(Beginning of Records supplied)

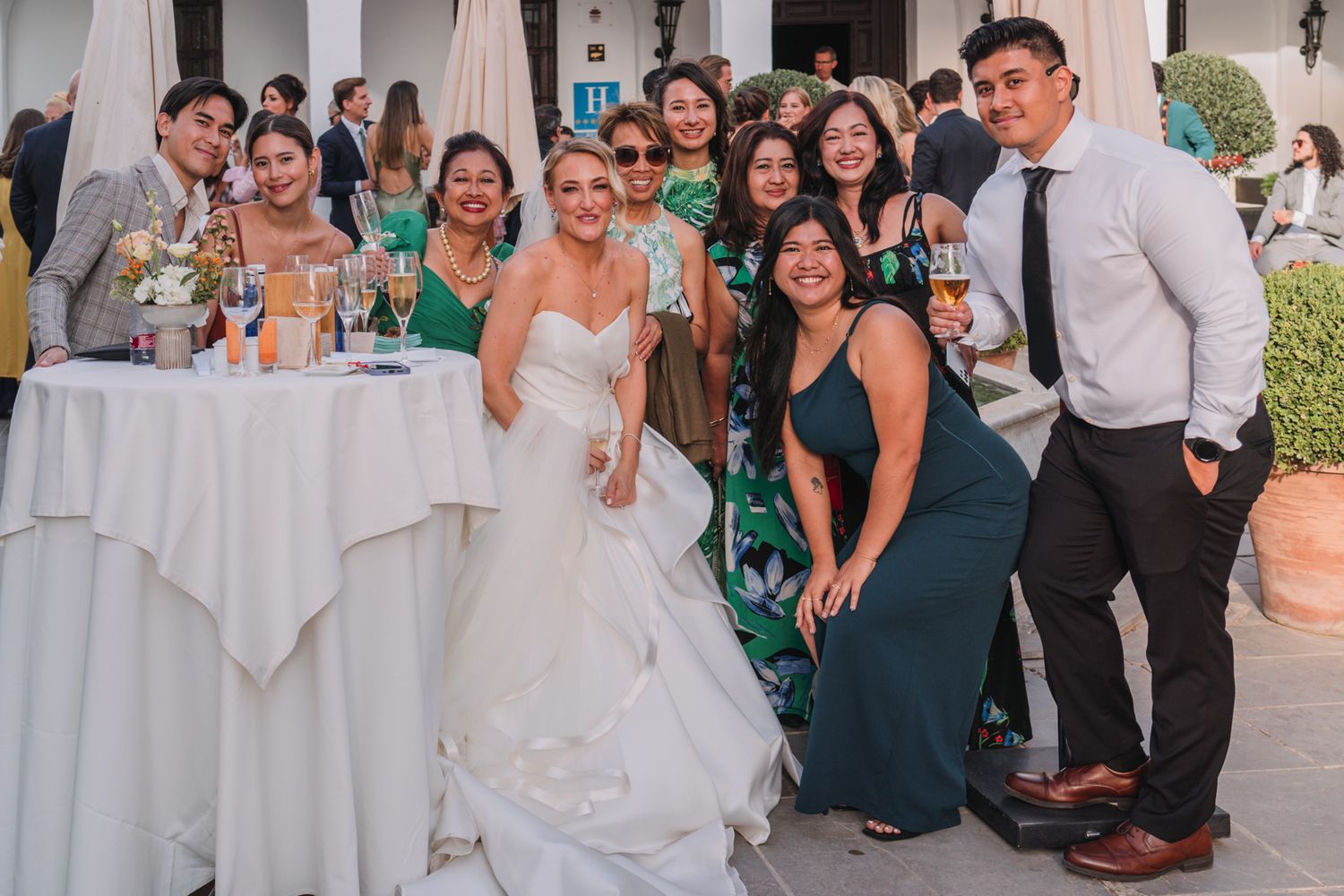 Wedding party guests pose for a group photo at an outdoor reception with tables and decor.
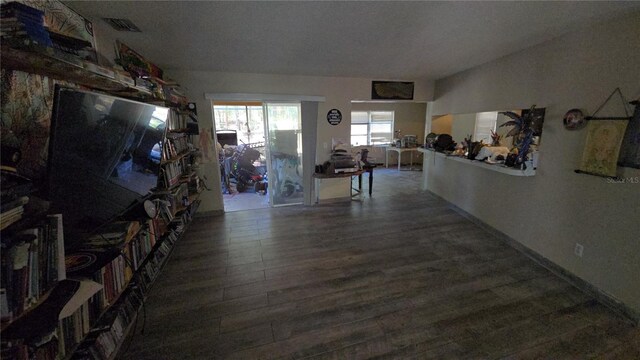 interior space with visible vents and wood finished floors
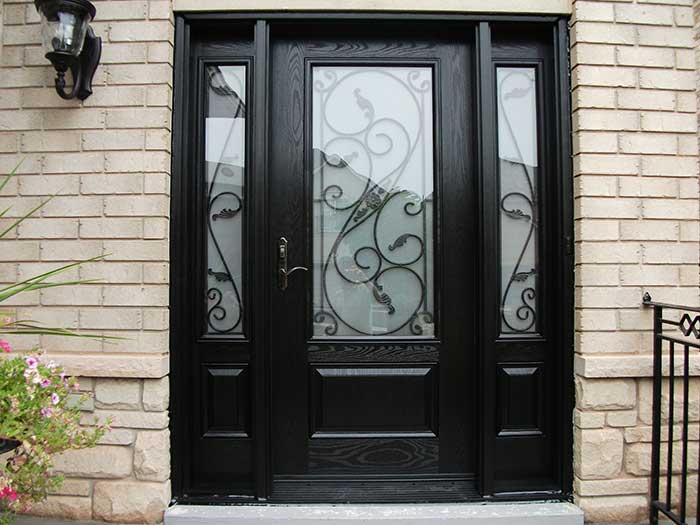 Wood grain Glass Design Door with 2 Iron Art Side Lites installed by Windows and Doors Toronto in Orillia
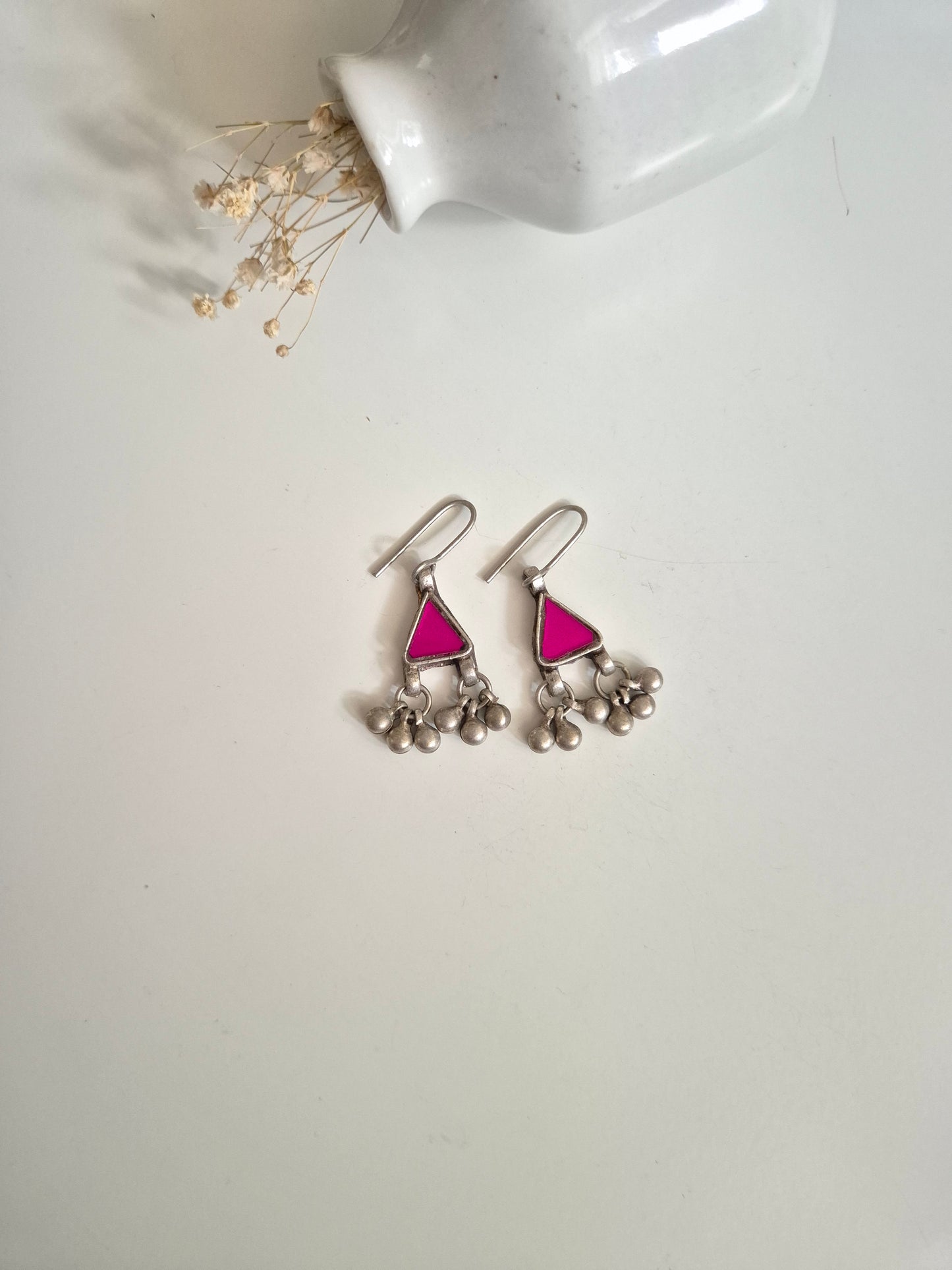Pink glass dangle earrings, close-up for color and finish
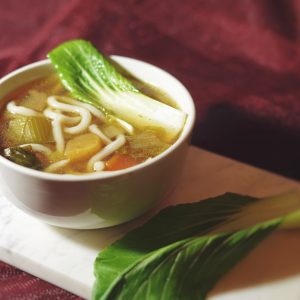 a white bowl filled with soup and vegetables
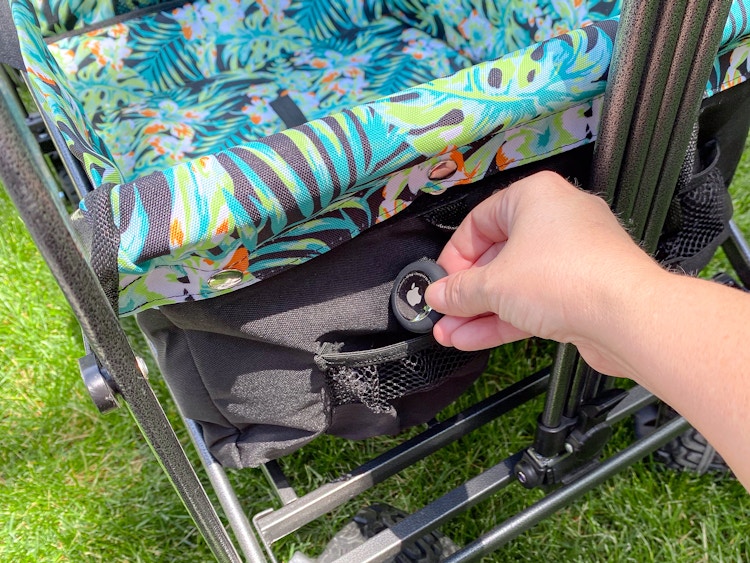 person placing an apple airtag into a wagon pocket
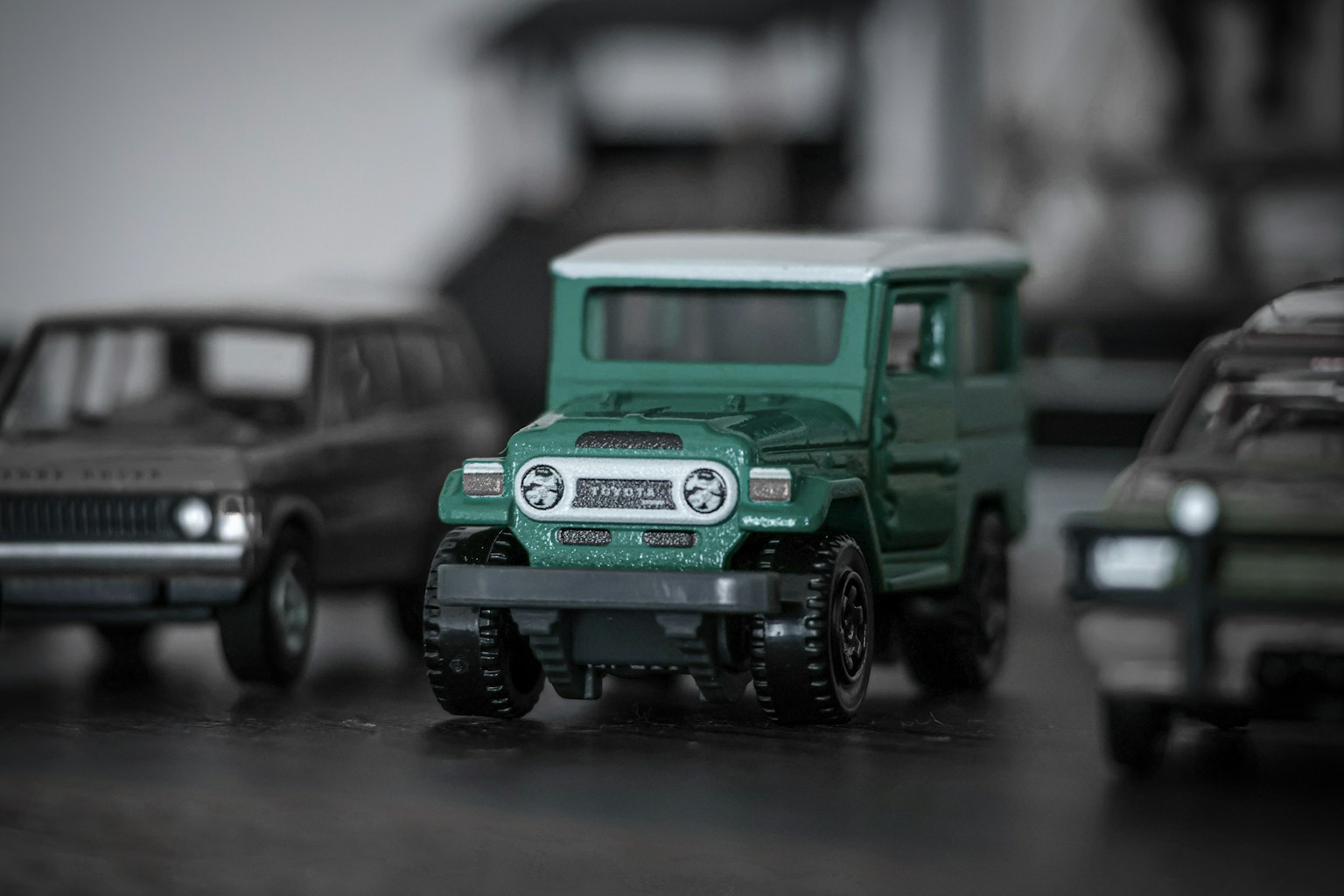 Une voiture jouet verte au premier plan avec d'autres voitures jouets floues en arrière-plan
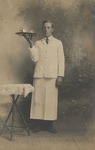 Postcard: Man in a Waiter Uniform Holding a Tray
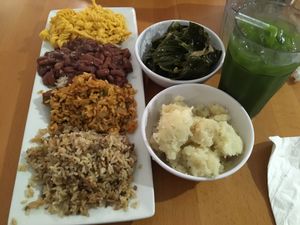 Soul food platter plus daily greens, mashed potatoes, and juice at Vegan Friendly Foods in Baton Rouge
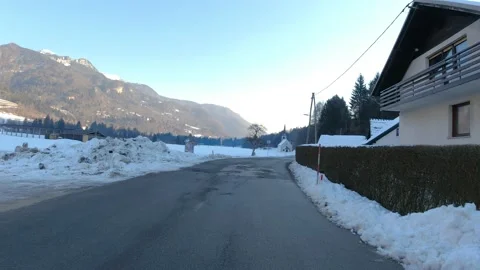 Car driving on wet road in small village Mojstrana. Stock Footage 169784398
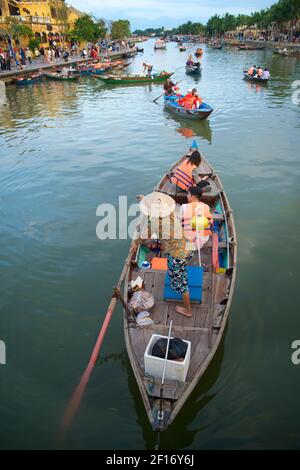 Une femme de bateau vietnamienne aviron des touristes le long d'un canal au large de la rivière Thu bon, Hoi an, Vietnam Banque D'Images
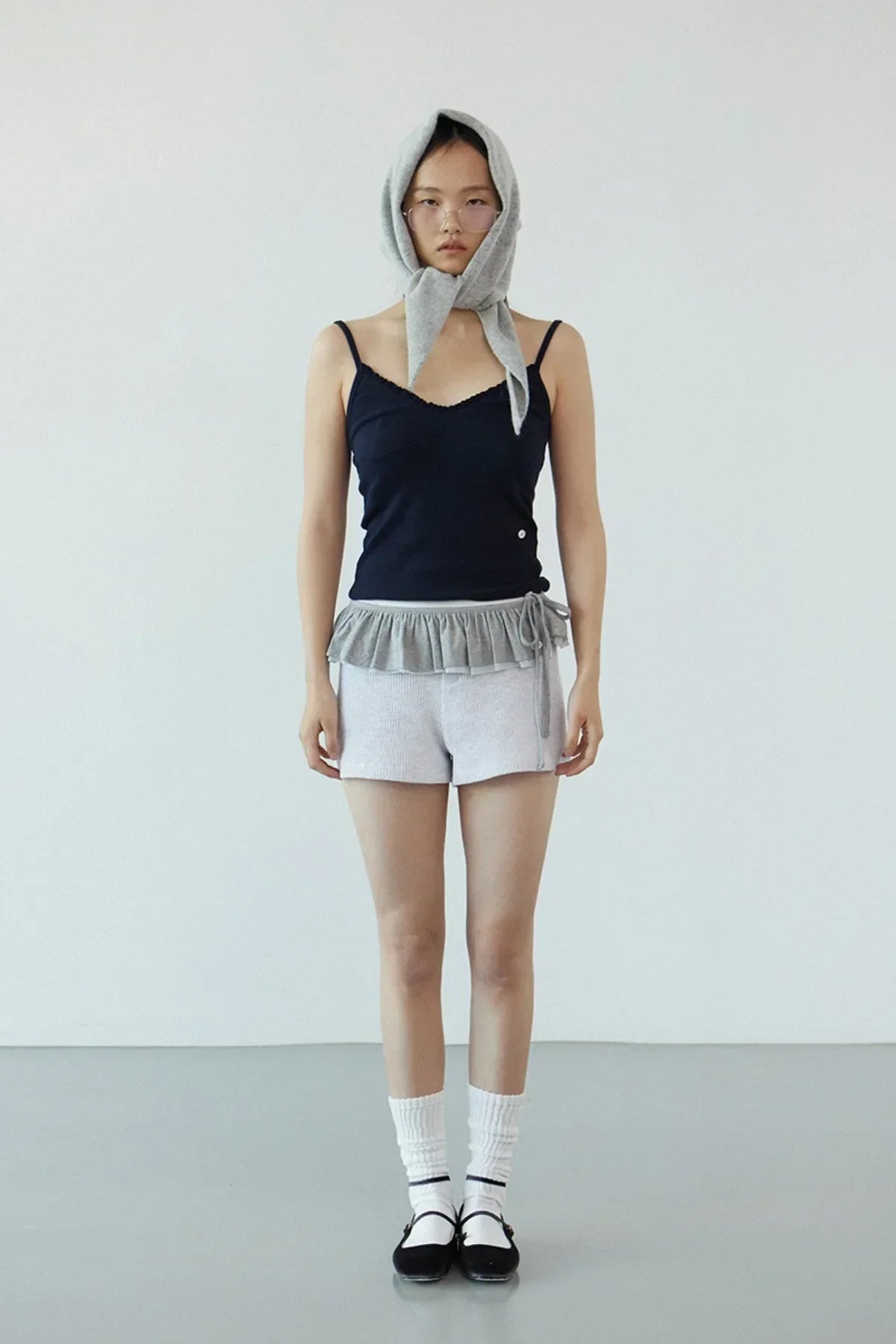 Model wearing navy ruffle bra top with gray ruffled shorts and matching headscarf in minimalist studio
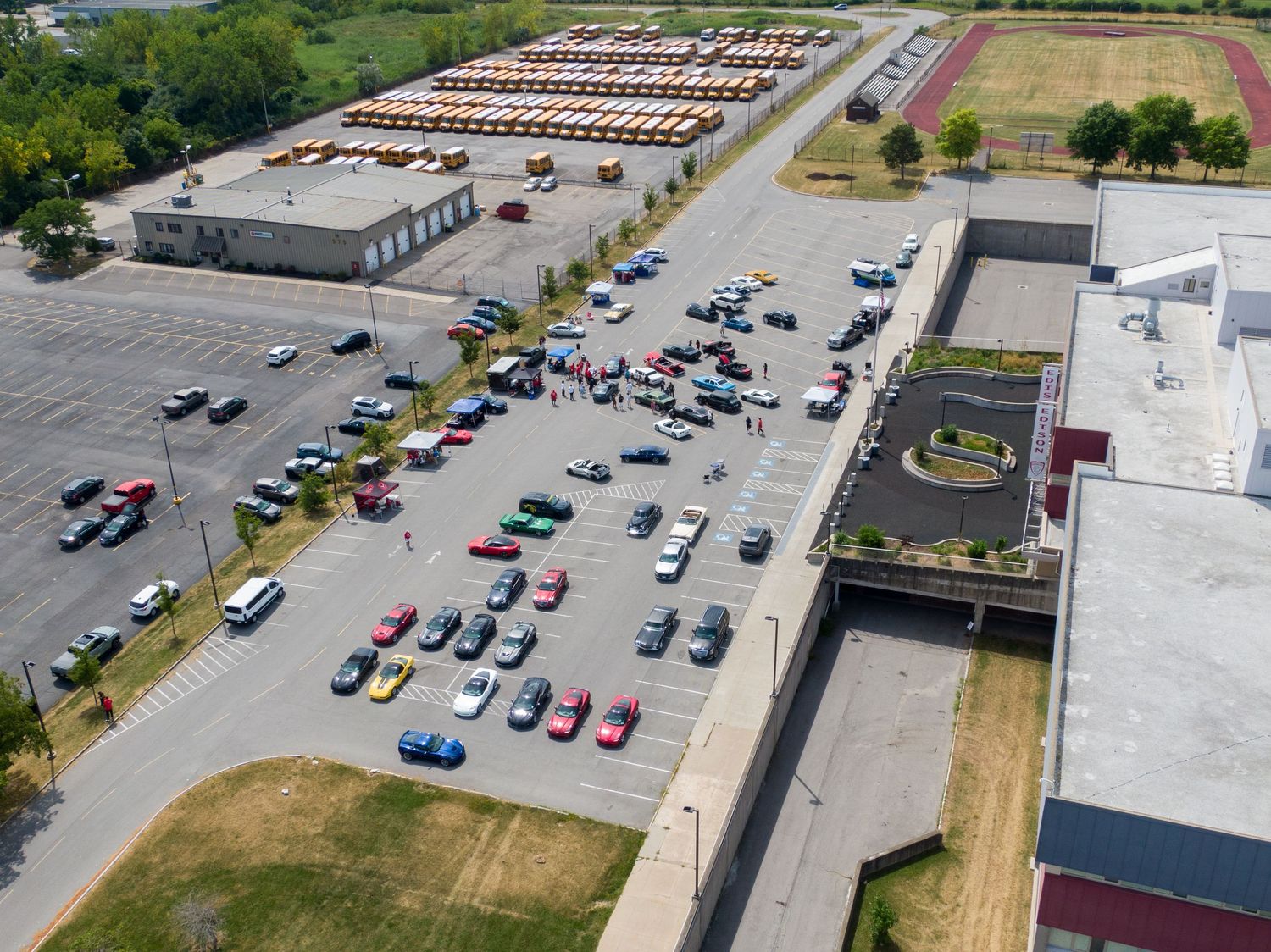 Aerial drone view of a parking lot with scattered vehicles and commercial buildings in a business district.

(End of Records supplied)

### Work order
Would you reproduce the lines above exactly, without carrying over the pictures?

### Response
 Wedding party guests pose for a group photo at an outdoor reception with tables and decor.
 interior space with visible vents and wood finished floors
 Wood grain Glass Design Door with 2 Iron Art Side Lites installed by Windows and Doors Toronto in Orillia
Pink glass dangle earrings, close-up for color and finish
 a white bowl filled with soup and vegetables
 person placing an apple airtag into a wagon pocket
 Une voiture jouet verte au premier plan avec d'autres voitures jouets floues en arrière-plan
 Postcard: Man in a Waiter Uniform Holding a Tray
 Soul food platter plus daily greens, mashed potatoes, and juice at Vegan Friendly Foods in Baton Rouge
 Car driving on wet road in small village Mojstrana. Stock Footage 169784398
 Une femme de bateau vietnamienne aviron des touristes le long d'un canal au large de la rivière Thu bon, Hoi an, Vietnam Banque D'Images
 Model wearing navy ruffle bra top with gray ruffled shorts and matching headscarf in minimalist studio
 Aerial drone view of a parking lot with scattered vehicles and commercial buildings in a business district.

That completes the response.